The international communists were equally cautious as to the outcome of the war. Revolutionary activity by the proletariat at the end of the conflict, as in 1917, was less a hypothesis than an “incalculable factor”. “It is certain that after some years of war a new, formidable social force will hinder the war plans of the capitalists, but we do not know what will be the breadth or depth of its effects”.3
Like all revolutionaries of the time however, the GIC thought that a revolutionary movement could only arise in Germany. The disappearance of the ‘old workers’ movement’ would leave room for movements of the masses. This would in some sense repeat the events of Germany 1918, which this time would end with a victory of the proletariat.
Faced with war and the threat of the extension of military operations onto Dutch territory, the Council Communists seemed hesitant in undertaking their anti-war revolutionary propaganda. It is true that they had no desire to conduct a frontist policy with Sneevliet’s RSAP, which at the beginning of 1940 proposed the formation of an anti-war front (Nederland Anti-Oorlogs Front) regrouping syndicalists, anarchists and Trotskyists for common action.4 They refused to join up with this Front.
Up to the invasion of Holland on 10th May 1940, agitation against imperialist war was undertaken by a few local ‘councilist’ currents.

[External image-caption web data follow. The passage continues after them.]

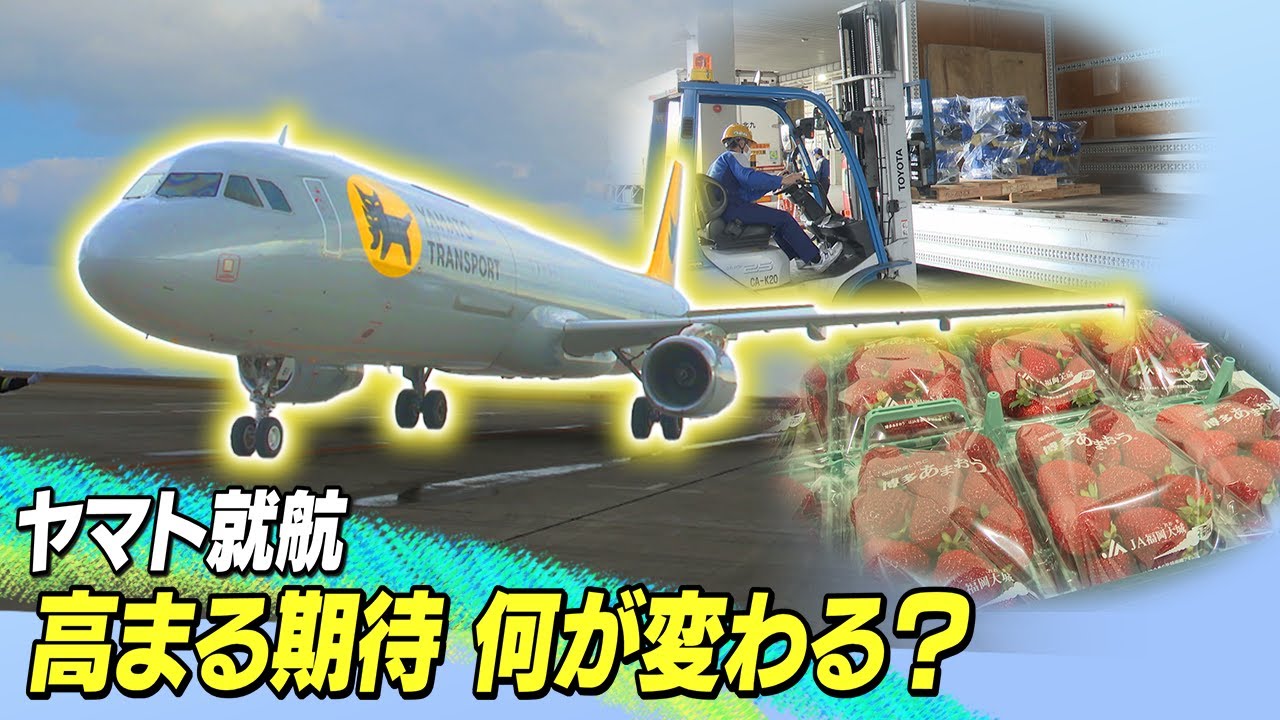 ヤマトグループの貨物専用機　北九州空港に就航　高まる期待　青果や製品をさらに早く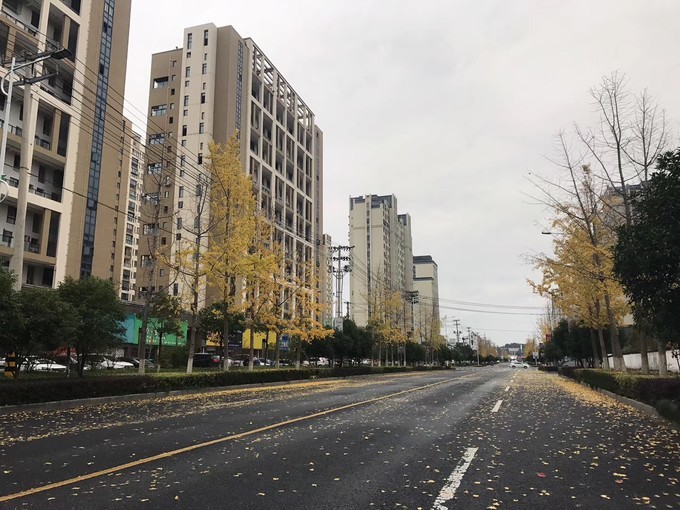 黄山到婺源租车,黄山租车到杭州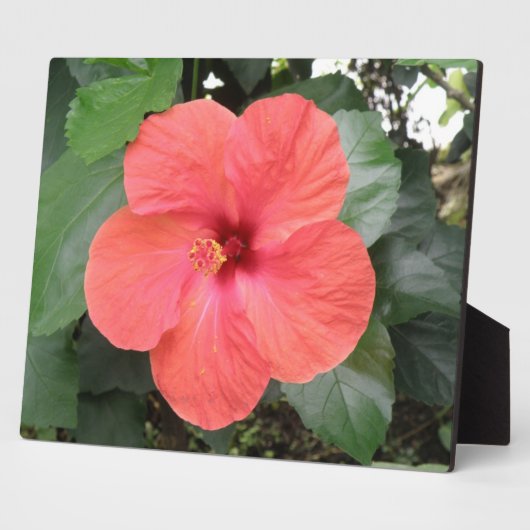 Prachtige Oranje hebiscus Flower Plaque Fotoplaat (Zijkant)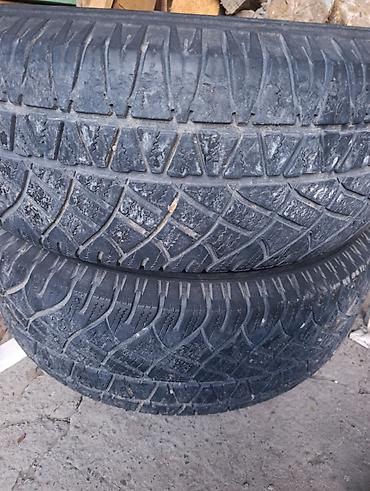 195 65 14 с: Пара автомобильных шин Michelin. 2 штука - Тип: летние (рисунок — 2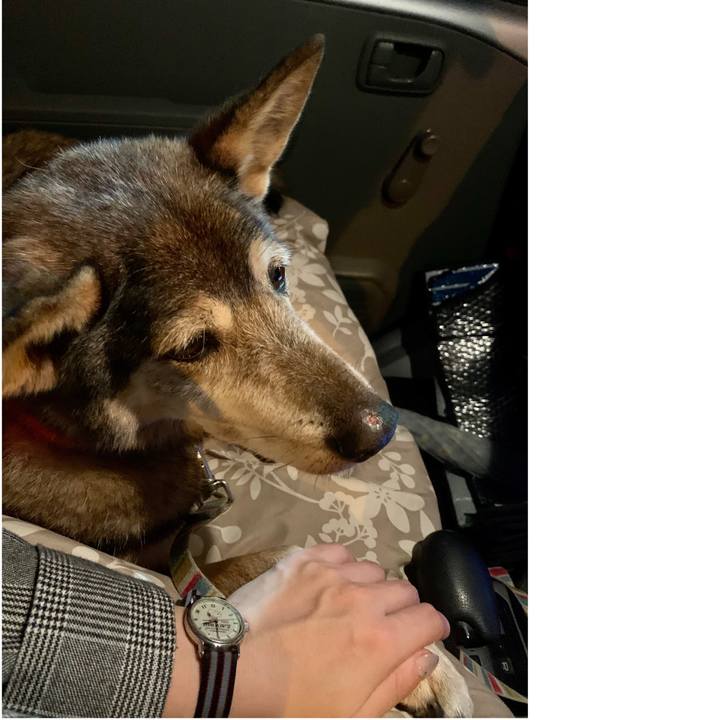 35b0357c fac1 4531 9e9b f4723af87d7b 1572439207186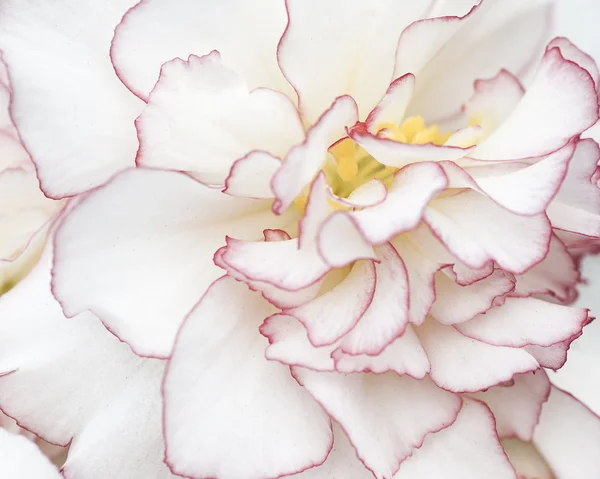 Fırfır yakalı çiçek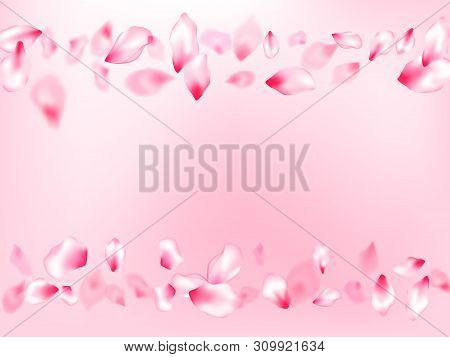 Japanese Cherry Blossom Pink Flying Petals On Rose Color Background. Close Up Bloom Elements. Natura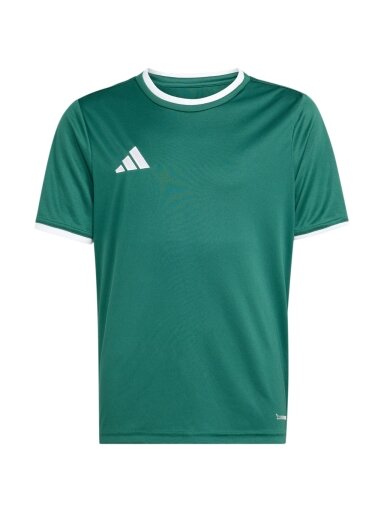 Adidas Entrada 26 Jersey marškinėliai vaikams žali KE9834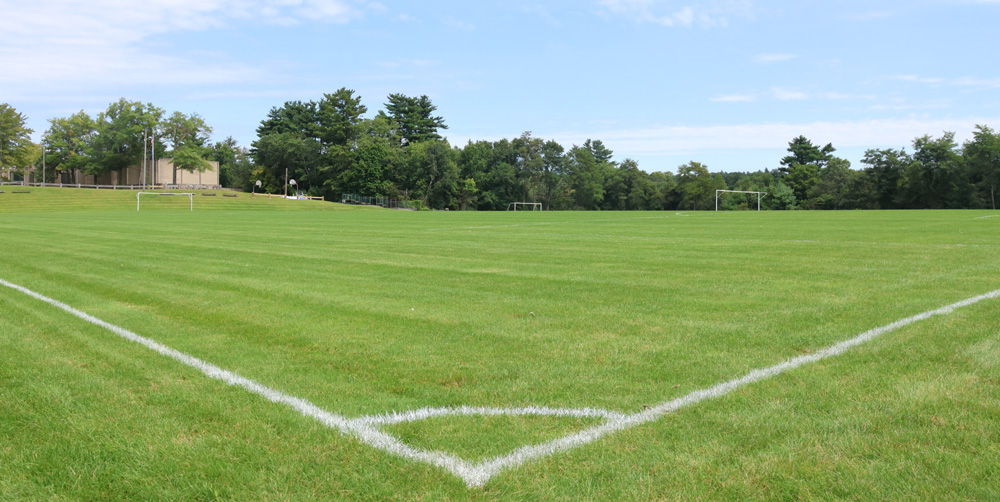 Ghost town: No life at Plumb Hill fields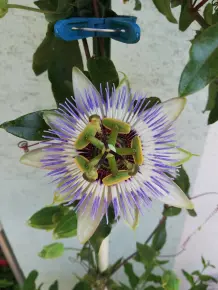 Passionsblume einfach vermehren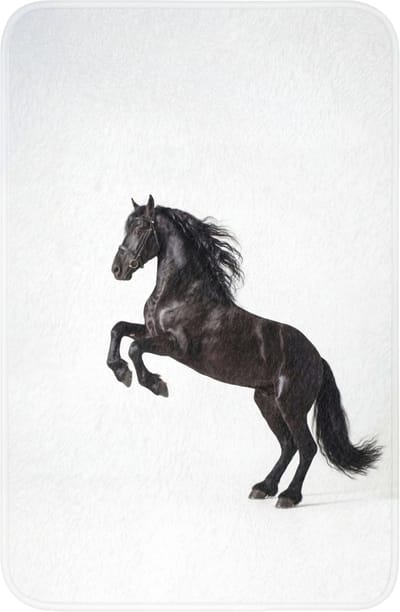 WC mat 40x60 cm - Antislip - Zwart - Paard - Portret - Toiletmat - Vloermat - Douchemat - Toilet tapijt - Toiletmatten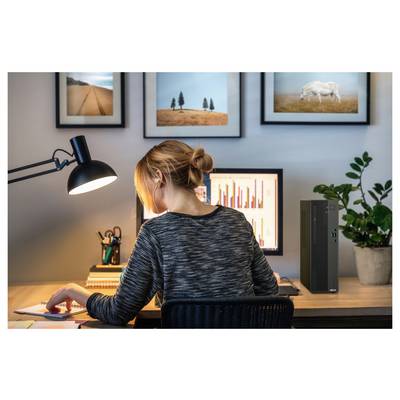 Eine Frau an einem Schreibtisch überprüft Finanzdiagramme auf einem Computerbildschirm, mit Bilderrahmen und einer Lampe im Hintergrund.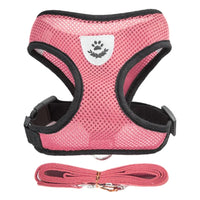 Adjustable Cat and Dog Harness Vest with Leash - Comfortable Mesh Walking Gear for Small and Medium Pets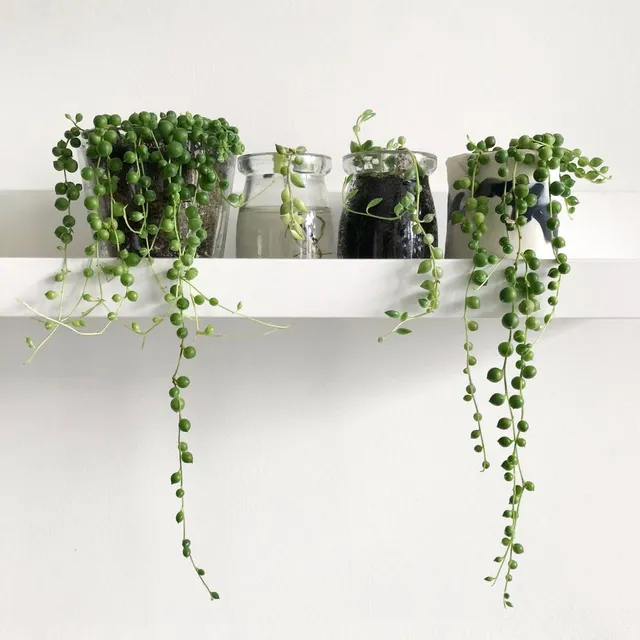 Scegli piante dalle forme insolite per la tua casa! - foto lostinplantopia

Thus the group of Gravenhage (The Hague) regularly brought out a bulletin with a significant title: Soldatenbrieven (Soldiers’ letters) with a resolutely anti-militarist content. Addressed to soldiers and workers, the October 1939 issue denounced any form of patriotism: “We workers of every country want to live and struggle against our enemy in our own country, against Dutch capitalism”.5
The bulletin, distributed in some barracks, appealed to soldiers not to adhere to either of the two camps: that of “private capital” (France, Britain, Holland) or that of “state capital” (Russia, Germany, Italy). Conscious that Holland was living through a precarious peace and that the extension of the conflict would reduce the country to “smoking ruins”, the militants proclaimed in the November issue: “The war has begun, the revolution is coming”. They appealed to the proletariat of every country to struggle against all “the parasitic institutions: State, Church, Party or Unions”.6
On 1st May 1940, a few days before the surprise invasion by the German army, the De Geer government, which included socialist (SDAP) ministers, banned all demonstrations; the state of siege was soon proclaimed in ‘democratic’ Holland. The application of article 33 of a law of 1848 permitted arbitrary internment. This affected certain members of the Dutch Communist and Nazi parties. A few days later the invasion ended with the occupation of the whole country. Soon Seyss-Inquart, nominated by Hitler, took over the administration. The Gestapo arrived, with a list of militants to arrest, including Sneevliet.7
1. De wortel van de oorlog (The Roots of the War), p.2.
4. Cf. Max Perthus: Henk Sneevliet revolutionair-socialist in Europa an Azië, SUN Nijmegen, 1976; p.414-415.
5. Soldaten brieven, no.2, p.3. The banner slogan read: “the workers have no country”.
6. Soldaten brieven, no. 3, p. 3. The struggle must be undertaken in every country: “For all the workers of the world, the enemy is in their own country, inside and not outside the national frontiers” (p. 2, ‘de oorlog is begonnen, de revolutie komt’).
7. Previously, it was the Dutch police who had the task of arresting Sneevliet, who was in Belgium on 10th March.